Puzzle 726. Completing the OEIS sequence A235031

Here we produce a sequence for a starting integer using recursively the following rules:

1) the next term of the sequence is equal to the sum of the product of the non-zero digits plus the sum of the digits, of the previous term in both operations.

2) The sequence stops when the last term repeats some term already produced, discarding this last term.

Examples

a) Lets start with the integer = 1. The sequence has exactly 18 distinct terms:

1, 2, 4, 8, 16, 13, 7, 14, 9, 18, 17, 15, 11, 3, 6, 12, 5, 10, [2]

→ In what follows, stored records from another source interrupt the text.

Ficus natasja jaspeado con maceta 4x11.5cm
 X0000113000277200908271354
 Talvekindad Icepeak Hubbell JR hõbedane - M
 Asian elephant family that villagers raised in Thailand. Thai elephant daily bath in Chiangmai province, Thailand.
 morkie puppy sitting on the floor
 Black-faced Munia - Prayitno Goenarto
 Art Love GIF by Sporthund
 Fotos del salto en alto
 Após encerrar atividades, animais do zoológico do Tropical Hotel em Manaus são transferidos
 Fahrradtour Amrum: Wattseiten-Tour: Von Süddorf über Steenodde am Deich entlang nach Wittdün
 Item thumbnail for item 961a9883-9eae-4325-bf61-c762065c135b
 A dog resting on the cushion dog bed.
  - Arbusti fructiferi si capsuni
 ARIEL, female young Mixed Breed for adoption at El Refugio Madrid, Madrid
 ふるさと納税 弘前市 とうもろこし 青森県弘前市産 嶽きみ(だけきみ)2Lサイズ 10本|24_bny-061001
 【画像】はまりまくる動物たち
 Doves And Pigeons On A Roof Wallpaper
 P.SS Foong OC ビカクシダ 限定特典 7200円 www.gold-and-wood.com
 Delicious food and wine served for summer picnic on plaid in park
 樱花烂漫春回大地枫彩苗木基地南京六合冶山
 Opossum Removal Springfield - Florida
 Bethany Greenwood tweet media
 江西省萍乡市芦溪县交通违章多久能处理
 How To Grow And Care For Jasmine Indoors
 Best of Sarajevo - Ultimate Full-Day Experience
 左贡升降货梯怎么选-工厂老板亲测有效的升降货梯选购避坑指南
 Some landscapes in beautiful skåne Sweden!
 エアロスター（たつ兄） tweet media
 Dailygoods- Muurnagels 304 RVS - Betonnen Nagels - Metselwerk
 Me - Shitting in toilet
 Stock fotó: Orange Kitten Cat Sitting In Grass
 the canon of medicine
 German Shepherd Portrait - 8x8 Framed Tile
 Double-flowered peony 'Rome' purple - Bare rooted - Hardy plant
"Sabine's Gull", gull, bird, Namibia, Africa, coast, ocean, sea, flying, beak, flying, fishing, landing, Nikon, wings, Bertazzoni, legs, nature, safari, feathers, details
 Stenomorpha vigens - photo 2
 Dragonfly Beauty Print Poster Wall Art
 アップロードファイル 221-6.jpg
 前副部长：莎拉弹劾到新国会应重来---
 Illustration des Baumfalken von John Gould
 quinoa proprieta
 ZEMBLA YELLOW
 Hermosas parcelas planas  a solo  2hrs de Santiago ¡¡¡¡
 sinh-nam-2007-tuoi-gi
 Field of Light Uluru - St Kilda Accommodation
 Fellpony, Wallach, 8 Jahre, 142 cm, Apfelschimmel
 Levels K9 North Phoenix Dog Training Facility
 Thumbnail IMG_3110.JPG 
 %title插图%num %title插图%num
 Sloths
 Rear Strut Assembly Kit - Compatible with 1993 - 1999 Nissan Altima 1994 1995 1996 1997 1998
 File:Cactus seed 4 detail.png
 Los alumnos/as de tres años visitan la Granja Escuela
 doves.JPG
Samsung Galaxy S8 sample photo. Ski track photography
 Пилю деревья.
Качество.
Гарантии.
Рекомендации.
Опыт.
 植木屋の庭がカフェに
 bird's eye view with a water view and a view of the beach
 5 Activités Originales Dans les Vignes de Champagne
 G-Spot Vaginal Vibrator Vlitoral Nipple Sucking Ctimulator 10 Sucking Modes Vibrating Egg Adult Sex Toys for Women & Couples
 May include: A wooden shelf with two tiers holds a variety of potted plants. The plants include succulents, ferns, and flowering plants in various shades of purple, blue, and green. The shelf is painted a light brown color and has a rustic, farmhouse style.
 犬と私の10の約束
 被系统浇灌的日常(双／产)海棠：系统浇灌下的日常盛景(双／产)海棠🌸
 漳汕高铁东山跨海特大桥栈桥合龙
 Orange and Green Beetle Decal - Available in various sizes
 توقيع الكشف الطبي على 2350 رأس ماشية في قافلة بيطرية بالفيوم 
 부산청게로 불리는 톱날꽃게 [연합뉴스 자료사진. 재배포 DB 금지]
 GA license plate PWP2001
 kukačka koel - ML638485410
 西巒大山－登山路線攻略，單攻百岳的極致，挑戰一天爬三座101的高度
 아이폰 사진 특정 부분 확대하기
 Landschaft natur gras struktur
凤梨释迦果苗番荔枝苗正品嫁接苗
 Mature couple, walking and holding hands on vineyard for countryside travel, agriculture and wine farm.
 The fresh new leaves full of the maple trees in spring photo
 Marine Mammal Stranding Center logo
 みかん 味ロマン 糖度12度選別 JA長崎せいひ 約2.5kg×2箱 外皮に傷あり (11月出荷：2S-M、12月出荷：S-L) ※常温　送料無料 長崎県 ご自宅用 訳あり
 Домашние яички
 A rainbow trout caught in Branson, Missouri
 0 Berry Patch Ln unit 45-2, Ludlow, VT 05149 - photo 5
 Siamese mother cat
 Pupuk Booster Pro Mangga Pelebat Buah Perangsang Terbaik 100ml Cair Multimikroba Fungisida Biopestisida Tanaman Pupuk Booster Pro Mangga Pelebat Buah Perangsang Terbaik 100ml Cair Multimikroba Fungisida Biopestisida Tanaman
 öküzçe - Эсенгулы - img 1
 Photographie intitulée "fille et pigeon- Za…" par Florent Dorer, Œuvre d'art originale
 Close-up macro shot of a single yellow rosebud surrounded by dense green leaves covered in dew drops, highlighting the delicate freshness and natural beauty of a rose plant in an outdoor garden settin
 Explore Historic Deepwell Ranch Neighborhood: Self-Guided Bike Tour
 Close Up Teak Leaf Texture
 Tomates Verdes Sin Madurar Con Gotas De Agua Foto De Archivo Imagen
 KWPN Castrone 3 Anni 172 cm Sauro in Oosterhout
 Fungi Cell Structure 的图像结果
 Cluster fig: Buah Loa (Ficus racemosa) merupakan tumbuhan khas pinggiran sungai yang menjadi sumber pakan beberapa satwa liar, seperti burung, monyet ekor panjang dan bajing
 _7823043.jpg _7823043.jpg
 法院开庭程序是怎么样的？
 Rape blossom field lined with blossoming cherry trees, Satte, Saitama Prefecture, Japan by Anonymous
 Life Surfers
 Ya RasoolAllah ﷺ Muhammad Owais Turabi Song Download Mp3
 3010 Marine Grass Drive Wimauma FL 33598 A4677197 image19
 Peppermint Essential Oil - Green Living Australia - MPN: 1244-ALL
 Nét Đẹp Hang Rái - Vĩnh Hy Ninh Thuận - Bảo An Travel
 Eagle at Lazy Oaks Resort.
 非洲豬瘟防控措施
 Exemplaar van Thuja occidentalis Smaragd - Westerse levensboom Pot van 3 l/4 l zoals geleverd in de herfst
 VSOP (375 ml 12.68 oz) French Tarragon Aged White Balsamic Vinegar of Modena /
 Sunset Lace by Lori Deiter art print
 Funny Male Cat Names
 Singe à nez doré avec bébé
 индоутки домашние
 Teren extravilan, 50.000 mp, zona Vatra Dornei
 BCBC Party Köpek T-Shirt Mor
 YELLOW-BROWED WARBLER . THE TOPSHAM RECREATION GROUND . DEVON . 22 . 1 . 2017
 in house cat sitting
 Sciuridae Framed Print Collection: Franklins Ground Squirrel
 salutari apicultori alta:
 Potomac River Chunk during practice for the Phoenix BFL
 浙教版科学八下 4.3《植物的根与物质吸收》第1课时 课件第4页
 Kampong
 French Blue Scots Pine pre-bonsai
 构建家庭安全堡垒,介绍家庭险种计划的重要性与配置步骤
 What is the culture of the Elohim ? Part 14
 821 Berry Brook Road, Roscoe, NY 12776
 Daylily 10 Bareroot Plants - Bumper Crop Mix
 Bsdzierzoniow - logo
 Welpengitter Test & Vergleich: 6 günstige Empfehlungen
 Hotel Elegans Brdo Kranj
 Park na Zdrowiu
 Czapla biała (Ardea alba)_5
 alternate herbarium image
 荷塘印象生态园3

b) Lets start with the integer = 26. The sequence has exactly 19 distinct terms:

26, 20, 4, 8, 16, 13, 7, 14, 9, 18, 17, 15, 11, 3, 6, 12, 5, 10, 2, [4]

As a matter of fact on Jan 2, 2014, I sent the following smallest initial terms for the OEIS seq A235031:

a(n): 1, 26, 28, 66, 289, 579, 3468, 23889, 2366688, for n= 18, 19, ... 26 terms.

Almost immediately Giovanni Resta produced five more terms: a(17) and
a(27)-a(30).

Later he also produced twelve more terms: a(1) to a(12).

Accordingly, the sequence A235031 looks currently something like this, for n=1 to 30.

19, 34, 46, 177, 458, 2699, 279999, 4557888, 23366667799, 456667788889999, 246666666666666667888999, 23777777777777777888888888899999999, X, X, X, X, 2, 1, 26, 28, 66, 289, 579, 3468, 23889, 2366688, 45579999, 356688888888, 35888888888888889, 2455566666777777999999999999999

That is to say, we don't know what are the four a(n) values for n= 13, 14, 15 & 16.

Q. Can you find the missing terms in this sequence?